In one of the biggest breakthroughs in schizophrenia research in recent times, Professor Cyndi Shannon Weickert at Neuroscience Research Australia (NeuRA) has identified immune cells in greater amounts of some people with schizophrenia. The study published in *Molecular Psychiatry has the potential to transform global schizophrenia research and open new avenues for developing targeted immune cell therapies.
To understand the significance of this discovery Professor Shannon Weickert says you first need to understand that most scientists have had a long held a belief that immune cells were independent from the brain pathology in psychotic illness.
“In our study, we challenged this assumption that immune cells were independent of the brain in psychiatric illness and made an exciting discovery. We have identified immune cells as a new player in the brain pathology of schizophrenia said Professor Shannon Weickert.
Current schizophrenia research has focused on the status of three brain cells: the neurons, the glial cells which support the neurons, and the endothelial cells which coat the blood vessels. Employing new molecular techniques allowed Professor Shannon Weickert and her team identified the presence of a fourth type of cell in the brain tissue of people with schizophrenia who show high levels of inflammation: macrophages a type of immune cell.

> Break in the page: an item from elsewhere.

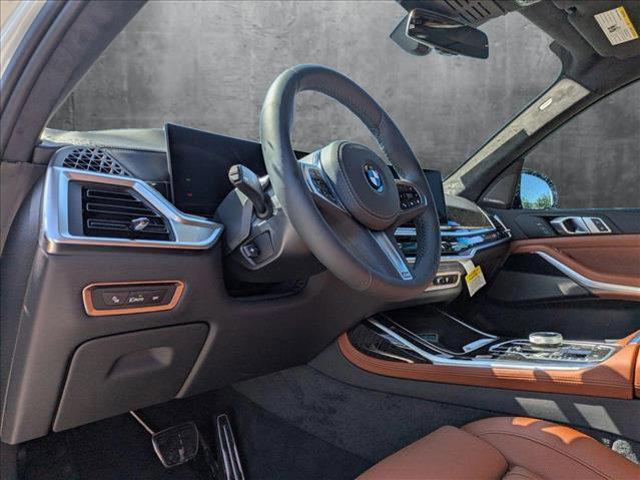 new 2025 BMW X7 car, priced at $101,150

“Immune cells have previously been ignored as they had long been viewed simply as travelers just thought to be passing by, undertaking some sort of surveillance work. They have never been a suspect until now,” said Professor Shannon Weickert.
“To find immune cells along the brain barrier in increased amounts of people with schizophrenia is an exciting discovery. It suggests that immune cells themselves may be producing these inflammatory signals in the brains of people living with schizophrenia.”
“We have observed that in people with schizophrenia, the glial cells, one of the local residents, become inflamed and produces distress signals which change the status of the endothelial cells, said Professor Shannon Weickert.
“So what we think this may mean is that the endothelial cells extend sticky tentacles, so when the immune cells travel by, some are captured and may transmigrate across the blood brain barrier, entering the brain in greater amounts in some people with sci compared to people without the disorder.
With Professor Shannon Weickert’s graduate student Helen Cai as first author.
This discovery shows that specific immune cells are in the brains of some people with schizophrenia in close enough proximity to the neurons to do damage.
One in every 100 Australians are living with schizophrenia. No single cause for schizophrenia has been identified, and this has prevented the development of a cure. The current treatments for schizophrenia are designed to suppress symptoms rather than target underlying causes of the disorder. These drugs only partially relieve symptoms and can produce unwanted side effects.
This new discovery has the potential to change the direction of schizophrenia research. Prof SSW is encouraging a cross-collaborative approach between neuroscientists and immunologists globally, to work together to develop treatments targeting this abnormal immune pathology of schizophrenia”.
“This opens whole new avenues for therapy, because it suggests that the pathology of schizophrenia could be within the immune cells and that the immune cells could be contributing to the symptoms of schizophrenia.”